I have argued before that states are not the antithesis of markets, unlike what many libertarians (and their fellow travelers) believe. Mike Huben directs me to some relevant and useful writings by Stephen Holmes, the NYU political theorist. Here are a few good passages:
I

t is implausible […] to view liberal rights as naturally incompatible with political power, as if such rights flourish only when the state withers away. Authority and liberty are interdependent, not simply opposed. As Kant, among others, made dear, rights (including property rights) are defined and enforced by the state. Referring to “natural rights,” Emile Durkheim convincingly wrote that “the State creates these rights, gives them an institutional form, and makes them into realities.” To violate liberal rights is to disobey the liberal state. In a sovereignless condition, rights can be imagined but not experienced. In a society with a weak state, such as Lebanon for the past decade, rights themselves are weak or underenforced. Statelessness means rightlessness, as the story of migrating Kurds, Vietnamese and Caribbean boat people, and many others should by now have made abundantly clear….

Libertarian rhetoric about “getting the government off our backs” makes the positive correlation between individual rights and state power difficult to comprehend. Better guidance comes from classic liberals, who insisted that, when organized constitutionally, liberty and authority can be mutually reinforcing. Consider David Hume’s famous essay, “Of Commerce.” In this classic defense of liberal political economy, Hume argues that Britain should deregulate commercial and industrial life and welcome the accumulation of private wealth, because such a system will increase the resources “to which the public may lay claim.” An autocratic government, intent upon controlling all economic life, will decrease the stock of private wealth and thereby indirectly undermine its own power….

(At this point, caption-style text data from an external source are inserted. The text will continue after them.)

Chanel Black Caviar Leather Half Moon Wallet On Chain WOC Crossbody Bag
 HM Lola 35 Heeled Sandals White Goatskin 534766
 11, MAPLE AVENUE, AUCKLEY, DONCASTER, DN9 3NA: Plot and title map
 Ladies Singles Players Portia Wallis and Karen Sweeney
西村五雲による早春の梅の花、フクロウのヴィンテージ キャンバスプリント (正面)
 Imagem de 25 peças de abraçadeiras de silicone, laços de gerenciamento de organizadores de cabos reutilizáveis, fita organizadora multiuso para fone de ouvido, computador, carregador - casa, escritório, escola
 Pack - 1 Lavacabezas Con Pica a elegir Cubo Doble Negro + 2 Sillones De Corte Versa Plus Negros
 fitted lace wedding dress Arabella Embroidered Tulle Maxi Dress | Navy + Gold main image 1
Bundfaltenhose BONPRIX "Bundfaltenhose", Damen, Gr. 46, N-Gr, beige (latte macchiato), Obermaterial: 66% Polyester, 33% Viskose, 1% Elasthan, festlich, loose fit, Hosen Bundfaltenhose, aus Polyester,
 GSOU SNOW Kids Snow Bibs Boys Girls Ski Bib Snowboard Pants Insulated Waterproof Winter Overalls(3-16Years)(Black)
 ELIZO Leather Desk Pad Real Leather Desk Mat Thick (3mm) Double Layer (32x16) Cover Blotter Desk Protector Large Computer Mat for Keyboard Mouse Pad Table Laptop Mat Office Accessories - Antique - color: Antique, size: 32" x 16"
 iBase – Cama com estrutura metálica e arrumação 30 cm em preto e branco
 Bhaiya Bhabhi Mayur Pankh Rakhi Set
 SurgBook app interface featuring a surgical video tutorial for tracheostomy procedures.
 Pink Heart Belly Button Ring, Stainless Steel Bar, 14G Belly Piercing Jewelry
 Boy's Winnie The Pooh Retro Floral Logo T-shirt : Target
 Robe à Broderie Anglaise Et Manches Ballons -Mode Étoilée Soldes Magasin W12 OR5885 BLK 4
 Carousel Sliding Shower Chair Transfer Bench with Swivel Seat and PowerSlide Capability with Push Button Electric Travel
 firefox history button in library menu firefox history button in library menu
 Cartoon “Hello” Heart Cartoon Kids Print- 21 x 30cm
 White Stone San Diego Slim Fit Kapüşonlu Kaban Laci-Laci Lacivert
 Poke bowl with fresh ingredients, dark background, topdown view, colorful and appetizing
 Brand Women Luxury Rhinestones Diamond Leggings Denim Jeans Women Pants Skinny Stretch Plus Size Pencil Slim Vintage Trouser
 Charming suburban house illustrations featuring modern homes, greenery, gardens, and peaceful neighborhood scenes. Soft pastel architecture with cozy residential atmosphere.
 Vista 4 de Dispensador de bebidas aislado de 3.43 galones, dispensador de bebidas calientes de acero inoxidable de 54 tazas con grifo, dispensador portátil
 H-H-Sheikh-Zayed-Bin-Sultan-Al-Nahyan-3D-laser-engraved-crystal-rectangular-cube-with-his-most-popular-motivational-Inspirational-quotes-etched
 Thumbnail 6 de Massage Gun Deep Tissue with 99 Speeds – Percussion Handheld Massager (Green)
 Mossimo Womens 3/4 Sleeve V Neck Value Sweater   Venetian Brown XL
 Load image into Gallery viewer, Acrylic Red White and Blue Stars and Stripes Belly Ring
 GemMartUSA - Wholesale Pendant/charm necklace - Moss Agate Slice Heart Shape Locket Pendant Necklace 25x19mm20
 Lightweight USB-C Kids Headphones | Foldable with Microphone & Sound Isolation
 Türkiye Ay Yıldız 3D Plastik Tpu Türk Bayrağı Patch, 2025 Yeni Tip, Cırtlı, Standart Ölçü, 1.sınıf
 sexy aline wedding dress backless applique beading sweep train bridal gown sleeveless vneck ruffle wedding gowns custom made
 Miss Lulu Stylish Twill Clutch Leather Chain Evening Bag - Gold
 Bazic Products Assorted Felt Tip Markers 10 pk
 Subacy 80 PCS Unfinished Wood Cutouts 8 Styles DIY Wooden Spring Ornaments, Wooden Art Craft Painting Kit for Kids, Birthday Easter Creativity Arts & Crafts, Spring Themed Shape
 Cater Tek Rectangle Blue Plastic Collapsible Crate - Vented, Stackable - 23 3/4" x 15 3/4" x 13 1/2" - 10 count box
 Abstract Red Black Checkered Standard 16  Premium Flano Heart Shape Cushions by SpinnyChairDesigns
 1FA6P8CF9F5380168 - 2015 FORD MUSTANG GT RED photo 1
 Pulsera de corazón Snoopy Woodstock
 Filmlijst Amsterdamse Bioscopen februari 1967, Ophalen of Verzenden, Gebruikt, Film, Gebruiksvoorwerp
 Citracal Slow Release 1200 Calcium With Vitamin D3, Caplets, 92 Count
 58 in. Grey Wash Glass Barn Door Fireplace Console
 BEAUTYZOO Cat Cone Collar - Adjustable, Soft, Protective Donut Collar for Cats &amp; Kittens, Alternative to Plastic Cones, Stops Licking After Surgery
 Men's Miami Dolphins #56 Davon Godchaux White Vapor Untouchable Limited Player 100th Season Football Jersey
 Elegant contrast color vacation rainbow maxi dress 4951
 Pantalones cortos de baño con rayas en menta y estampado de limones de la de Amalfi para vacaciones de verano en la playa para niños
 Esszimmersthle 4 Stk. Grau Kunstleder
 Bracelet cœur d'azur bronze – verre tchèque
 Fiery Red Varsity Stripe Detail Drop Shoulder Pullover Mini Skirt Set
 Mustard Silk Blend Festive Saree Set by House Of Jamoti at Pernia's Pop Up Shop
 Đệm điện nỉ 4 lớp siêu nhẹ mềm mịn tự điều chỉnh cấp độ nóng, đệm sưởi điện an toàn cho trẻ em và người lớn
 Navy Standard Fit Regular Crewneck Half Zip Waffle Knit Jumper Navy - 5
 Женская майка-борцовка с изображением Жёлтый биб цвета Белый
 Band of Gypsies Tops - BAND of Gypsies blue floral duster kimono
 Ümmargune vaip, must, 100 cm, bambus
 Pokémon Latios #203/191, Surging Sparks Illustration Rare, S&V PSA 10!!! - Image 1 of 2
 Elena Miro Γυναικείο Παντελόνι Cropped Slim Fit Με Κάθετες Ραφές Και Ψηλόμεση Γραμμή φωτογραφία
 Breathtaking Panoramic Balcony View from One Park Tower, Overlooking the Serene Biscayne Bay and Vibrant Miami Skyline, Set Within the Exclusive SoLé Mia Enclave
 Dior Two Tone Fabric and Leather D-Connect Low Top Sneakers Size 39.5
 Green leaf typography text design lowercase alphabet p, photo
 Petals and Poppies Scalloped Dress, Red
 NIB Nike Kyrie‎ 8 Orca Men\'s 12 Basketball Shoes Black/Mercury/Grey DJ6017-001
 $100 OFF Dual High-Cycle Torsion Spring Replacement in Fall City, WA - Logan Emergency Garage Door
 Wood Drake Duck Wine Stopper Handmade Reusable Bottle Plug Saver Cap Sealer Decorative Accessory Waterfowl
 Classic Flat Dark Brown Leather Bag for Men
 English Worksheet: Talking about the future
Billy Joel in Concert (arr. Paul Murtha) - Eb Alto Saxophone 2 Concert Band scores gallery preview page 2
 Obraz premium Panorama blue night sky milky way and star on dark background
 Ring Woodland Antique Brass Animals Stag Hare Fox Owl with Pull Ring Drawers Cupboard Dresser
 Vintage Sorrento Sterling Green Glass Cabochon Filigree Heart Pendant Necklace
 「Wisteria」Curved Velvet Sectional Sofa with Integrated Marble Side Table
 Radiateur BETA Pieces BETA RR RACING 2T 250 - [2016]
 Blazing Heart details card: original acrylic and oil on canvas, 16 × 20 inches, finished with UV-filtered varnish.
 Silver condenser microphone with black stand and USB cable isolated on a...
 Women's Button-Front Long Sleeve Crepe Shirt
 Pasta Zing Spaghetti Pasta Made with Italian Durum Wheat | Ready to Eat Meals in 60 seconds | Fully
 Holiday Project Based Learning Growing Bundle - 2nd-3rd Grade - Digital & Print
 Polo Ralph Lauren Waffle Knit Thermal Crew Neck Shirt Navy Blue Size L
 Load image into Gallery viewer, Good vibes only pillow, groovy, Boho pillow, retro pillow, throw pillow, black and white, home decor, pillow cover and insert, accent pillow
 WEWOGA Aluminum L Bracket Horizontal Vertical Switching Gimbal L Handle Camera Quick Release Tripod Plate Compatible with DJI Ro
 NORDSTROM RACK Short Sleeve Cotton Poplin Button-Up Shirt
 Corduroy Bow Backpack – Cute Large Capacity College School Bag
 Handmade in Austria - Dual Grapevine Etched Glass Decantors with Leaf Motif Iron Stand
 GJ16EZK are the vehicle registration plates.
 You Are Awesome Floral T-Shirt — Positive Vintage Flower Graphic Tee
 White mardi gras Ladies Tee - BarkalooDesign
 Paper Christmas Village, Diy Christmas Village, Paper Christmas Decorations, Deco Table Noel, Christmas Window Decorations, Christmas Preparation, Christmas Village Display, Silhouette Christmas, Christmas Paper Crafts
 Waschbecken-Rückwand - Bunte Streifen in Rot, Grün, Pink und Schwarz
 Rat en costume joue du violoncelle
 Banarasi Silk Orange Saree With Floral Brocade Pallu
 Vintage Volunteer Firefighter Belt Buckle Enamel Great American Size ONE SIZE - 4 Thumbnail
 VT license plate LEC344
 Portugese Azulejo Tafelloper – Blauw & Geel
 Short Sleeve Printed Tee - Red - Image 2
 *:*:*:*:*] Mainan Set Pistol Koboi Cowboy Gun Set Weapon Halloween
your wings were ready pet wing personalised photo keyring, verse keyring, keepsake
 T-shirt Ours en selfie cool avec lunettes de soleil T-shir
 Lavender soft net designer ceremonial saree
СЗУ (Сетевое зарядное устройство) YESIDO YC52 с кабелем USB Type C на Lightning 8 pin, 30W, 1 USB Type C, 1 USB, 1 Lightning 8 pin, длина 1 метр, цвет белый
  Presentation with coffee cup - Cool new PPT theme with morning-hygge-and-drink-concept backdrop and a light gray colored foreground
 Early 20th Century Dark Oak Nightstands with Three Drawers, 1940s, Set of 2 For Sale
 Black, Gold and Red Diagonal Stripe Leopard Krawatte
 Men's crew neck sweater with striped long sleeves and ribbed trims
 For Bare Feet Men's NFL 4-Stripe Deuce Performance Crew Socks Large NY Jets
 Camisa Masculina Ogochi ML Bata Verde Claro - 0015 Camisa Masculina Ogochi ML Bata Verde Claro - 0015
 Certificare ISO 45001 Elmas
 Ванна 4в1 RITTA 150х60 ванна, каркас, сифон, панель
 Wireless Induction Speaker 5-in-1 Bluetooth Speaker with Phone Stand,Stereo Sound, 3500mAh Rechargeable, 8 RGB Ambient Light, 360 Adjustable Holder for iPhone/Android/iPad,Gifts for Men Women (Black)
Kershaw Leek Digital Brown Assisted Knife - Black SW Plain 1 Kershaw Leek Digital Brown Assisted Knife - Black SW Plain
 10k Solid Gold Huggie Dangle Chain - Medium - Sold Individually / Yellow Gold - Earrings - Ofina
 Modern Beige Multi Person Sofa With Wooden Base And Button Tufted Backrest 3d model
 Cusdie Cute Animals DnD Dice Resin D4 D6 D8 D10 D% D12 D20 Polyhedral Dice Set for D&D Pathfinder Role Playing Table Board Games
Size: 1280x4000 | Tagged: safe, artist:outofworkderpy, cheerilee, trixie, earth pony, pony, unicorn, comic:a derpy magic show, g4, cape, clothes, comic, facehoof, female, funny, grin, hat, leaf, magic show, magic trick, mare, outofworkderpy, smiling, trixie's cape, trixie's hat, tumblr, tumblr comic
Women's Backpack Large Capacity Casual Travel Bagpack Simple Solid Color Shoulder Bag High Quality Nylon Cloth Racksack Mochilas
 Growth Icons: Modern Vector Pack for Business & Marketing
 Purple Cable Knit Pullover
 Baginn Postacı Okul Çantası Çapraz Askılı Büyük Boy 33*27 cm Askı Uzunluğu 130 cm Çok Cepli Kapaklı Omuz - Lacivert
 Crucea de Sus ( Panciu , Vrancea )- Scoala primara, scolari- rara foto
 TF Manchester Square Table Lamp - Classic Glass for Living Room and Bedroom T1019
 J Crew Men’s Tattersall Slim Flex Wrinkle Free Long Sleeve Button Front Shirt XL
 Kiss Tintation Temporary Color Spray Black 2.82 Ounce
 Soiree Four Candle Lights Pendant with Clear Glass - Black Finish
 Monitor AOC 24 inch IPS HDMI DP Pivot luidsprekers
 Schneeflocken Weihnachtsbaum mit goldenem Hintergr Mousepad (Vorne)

What can we learn by looking at preliberal arguments for typically liberal political institutions? We can learn, I think, to question the conventional interpretation of classical liberal theory as ardently anti-statist. Liberals were not anarchists. They were opposed to capricious and oppressive authority, not to authority in general. They embraced state power as a means both to prevent anarchy and to enforce impartial laws (against the grain of human partiality). Because they assumed that political rulers will themselves be human, and therefore partial and potentially unjust, they also devised institutional machinery to contain authority within legal channels. The constitutionalizing of authority is anti-authoritarian. But it does not imply a weakening or crippling of the state.

Huben also maintains a web site devote to the critique of libertarianism, where you can arm yourself for any argument you may have with a libertarian.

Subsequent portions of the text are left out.